Zh. Wang (王兆鹏) and M. Cuntz
Astrophysical Journal 873, 113 Link to Article [DOI: 10.3847/1538-4357/ab0377 ]
Department of Physics University of Texas at Arlington, Arlington, TX 76019-0059, USA
In Papers I and II, a comprehensive approach was utilized for the calculation of S-type and P-type habitable regions in stellar binary systems for both circular and elliptical orbits of the binary components. This approach considered a joint constraint, including orbital stability for possible system planets and a habitable region, determined by the stellar radiative energy fluxes (“radiative habitable zone”; RHZ). Specifically, the stellar S-type and P-type RHZs are calculated based on the solution of a fourth-order polynomial.

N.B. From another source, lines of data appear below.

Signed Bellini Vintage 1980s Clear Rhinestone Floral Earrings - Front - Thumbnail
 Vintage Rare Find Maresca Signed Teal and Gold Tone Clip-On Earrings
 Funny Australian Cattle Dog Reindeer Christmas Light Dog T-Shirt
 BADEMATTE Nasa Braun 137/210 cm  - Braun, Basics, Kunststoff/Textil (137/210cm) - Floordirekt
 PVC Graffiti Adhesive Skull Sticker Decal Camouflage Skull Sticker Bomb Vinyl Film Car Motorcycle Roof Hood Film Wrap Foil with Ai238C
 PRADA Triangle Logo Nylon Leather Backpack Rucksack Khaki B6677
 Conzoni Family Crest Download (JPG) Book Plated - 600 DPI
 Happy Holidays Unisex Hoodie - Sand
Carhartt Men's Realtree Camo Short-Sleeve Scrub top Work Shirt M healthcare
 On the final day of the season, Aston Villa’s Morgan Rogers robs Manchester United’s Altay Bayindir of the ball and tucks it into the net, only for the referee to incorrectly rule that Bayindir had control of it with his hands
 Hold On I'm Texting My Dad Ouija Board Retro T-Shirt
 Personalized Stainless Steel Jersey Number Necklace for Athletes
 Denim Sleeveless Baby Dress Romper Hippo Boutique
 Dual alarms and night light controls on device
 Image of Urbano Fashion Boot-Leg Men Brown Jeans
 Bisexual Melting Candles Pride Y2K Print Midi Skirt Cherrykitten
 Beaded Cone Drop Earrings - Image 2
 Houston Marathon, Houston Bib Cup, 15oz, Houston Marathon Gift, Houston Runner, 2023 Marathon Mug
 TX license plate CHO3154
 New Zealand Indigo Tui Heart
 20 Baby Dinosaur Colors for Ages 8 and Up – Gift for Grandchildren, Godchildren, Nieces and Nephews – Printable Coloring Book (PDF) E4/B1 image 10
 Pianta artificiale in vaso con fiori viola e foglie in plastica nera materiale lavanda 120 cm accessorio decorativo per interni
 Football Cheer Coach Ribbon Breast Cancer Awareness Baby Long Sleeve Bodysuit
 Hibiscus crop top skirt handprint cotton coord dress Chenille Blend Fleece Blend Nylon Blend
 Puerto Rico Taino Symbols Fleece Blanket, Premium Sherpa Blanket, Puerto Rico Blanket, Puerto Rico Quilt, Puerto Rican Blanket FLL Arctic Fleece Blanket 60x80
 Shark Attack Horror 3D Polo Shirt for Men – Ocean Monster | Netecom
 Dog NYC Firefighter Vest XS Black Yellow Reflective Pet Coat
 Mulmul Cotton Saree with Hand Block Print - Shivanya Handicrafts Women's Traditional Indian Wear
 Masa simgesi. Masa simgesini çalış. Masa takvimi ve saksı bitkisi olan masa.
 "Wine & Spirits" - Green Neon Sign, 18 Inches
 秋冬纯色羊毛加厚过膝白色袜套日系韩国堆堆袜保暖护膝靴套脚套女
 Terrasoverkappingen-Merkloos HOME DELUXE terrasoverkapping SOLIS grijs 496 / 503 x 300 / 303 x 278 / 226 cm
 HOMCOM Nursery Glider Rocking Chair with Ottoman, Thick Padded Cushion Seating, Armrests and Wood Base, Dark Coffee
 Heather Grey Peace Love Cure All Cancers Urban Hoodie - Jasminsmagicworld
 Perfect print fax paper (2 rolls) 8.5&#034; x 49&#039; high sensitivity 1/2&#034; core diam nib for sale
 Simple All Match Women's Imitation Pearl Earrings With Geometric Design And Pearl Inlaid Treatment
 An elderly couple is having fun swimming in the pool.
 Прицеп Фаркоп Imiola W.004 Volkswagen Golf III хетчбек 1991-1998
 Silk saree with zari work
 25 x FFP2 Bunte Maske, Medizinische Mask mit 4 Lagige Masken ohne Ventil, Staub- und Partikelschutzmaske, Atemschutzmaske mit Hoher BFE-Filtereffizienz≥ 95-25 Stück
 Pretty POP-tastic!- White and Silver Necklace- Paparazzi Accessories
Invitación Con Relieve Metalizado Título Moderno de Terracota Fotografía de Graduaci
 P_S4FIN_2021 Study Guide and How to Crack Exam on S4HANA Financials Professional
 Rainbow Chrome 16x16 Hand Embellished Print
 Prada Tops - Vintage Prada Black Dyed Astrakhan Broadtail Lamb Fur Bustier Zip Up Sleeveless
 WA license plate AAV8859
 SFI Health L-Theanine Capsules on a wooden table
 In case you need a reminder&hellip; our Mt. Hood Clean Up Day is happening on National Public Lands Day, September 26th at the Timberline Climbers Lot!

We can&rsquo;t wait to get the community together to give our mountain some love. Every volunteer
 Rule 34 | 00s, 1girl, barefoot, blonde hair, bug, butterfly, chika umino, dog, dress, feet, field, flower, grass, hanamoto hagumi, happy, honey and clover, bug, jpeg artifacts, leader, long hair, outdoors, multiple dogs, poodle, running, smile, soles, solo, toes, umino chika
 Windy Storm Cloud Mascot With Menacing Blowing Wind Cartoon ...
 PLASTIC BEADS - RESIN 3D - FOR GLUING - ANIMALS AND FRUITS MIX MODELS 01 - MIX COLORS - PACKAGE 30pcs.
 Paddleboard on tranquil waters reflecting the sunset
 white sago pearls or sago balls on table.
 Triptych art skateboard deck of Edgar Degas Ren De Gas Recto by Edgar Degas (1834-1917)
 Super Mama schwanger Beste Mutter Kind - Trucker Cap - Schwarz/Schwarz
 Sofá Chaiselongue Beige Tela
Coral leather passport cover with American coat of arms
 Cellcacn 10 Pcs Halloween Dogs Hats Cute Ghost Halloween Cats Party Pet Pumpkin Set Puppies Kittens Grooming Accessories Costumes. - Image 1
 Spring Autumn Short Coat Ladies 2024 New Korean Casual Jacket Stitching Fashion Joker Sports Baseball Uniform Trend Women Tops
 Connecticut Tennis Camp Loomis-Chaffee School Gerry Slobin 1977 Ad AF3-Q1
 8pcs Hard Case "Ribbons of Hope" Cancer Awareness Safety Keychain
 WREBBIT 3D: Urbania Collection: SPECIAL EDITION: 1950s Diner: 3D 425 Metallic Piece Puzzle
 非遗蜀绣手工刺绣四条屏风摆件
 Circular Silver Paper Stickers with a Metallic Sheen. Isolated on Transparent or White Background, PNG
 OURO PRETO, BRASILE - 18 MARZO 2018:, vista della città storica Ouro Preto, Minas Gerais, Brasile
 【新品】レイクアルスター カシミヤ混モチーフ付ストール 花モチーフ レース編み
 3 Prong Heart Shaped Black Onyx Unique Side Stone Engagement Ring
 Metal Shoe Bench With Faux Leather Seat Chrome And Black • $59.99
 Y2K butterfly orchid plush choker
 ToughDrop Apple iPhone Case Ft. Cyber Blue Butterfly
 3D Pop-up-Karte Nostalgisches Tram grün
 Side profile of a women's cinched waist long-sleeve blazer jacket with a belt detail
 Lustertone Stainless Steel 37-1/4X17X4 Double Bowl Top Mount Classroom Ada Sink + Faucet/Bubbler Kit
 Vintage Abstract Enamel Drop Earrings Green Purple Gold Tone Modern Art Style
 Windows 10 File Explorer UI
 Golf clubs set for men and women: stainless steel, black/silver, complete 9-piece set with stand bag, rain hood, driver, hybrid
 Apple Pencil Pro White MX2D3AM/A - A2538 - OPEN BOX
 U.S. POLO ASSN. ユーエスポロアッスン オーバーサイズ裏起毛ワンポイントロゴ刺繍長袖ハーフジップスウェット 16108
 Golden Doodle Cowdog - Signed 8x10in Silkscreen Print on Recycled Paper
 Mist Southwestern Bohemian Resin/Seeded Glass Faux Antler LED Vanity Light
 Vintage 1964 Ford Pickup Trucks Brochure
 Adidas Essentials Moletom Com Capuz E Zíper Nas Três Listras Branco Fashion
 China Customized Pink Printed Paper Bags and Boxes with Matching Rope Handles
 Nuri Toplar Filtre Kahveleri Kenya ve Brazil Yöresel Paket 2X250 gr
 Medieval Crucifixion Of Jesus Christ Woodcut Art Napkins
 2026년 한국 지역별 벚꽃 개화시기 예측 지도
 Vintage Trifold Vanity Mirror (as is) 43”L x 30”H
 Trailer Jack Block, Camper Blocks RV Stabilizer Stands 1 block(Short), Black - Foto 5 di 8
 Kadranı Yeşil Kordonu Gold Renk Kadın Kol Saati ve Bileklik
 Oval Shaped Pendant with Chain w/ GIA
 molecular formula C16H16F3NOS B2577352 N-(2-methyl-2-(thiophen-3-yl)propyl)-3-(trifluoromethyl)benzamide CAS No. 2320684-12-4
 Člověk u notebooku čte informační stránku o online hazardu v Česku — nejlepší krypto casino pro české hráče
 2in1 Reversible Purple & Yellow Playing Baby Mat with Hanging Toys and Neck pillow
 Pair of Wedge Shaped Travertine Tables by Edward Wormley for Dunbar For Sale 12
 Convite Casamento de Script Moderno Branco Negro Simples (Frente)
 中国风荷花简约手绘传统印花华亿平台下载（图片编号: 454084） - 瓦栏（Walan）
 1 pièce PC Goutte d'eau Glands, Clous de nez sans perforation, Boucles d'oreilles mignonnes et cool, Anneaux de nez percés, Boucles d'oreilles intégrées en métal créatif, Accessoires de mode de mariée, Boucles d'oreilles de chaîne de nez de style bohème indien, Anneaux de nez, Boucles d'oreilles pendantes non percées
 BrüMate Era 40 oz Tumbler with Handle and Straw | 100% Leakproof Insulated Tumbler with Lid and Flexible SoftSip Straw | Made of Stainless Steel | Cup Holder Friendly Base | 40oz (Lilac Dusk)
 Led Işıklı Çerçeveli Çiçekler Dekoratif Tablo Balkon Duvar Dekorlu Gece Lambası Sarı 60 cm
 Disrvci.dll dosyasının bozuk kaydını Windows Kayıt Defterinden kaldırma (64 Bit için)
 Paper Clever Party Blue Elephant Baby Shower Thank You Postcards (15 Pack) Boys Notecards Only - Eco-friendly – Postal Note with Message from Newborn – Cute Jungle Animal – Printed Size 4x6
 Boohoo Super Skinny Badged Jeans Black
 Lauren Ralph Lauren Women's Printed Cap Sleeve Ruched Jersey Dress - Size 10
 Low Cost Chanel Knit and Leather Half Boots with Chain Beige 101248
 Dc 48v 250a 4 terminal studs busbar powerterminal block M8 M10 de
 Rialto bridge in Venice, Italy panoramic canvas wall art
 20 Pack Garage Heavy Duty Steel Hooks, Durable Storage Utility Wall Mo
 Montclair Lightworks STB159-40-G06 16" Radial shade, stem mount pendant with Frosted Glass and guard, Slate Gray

However, in concurrent developments, mostly during 2013 and 2014, important improvements have been made in the computation of stellar habitable zones for single stars based on updated climate models given by R. K. Kopparapu and collaborators. These models entail considerable changes for the inner and outer limits of the stellar habitable zones. Moreover, regarding the habitability limit given by the runaway greenhouse effect, notable disparities were identified between Earth, Mars, and super-Earth planets due to differences in their atmospheric models, thus affecting their potential for habitability. It is the aim of this study to compute S-type and P-type habitable regions of binaries in response to the updated planetary models. Moreover, our study will also consider improved relationships between effective temperatures, radii, and masses for low-luminosity stars.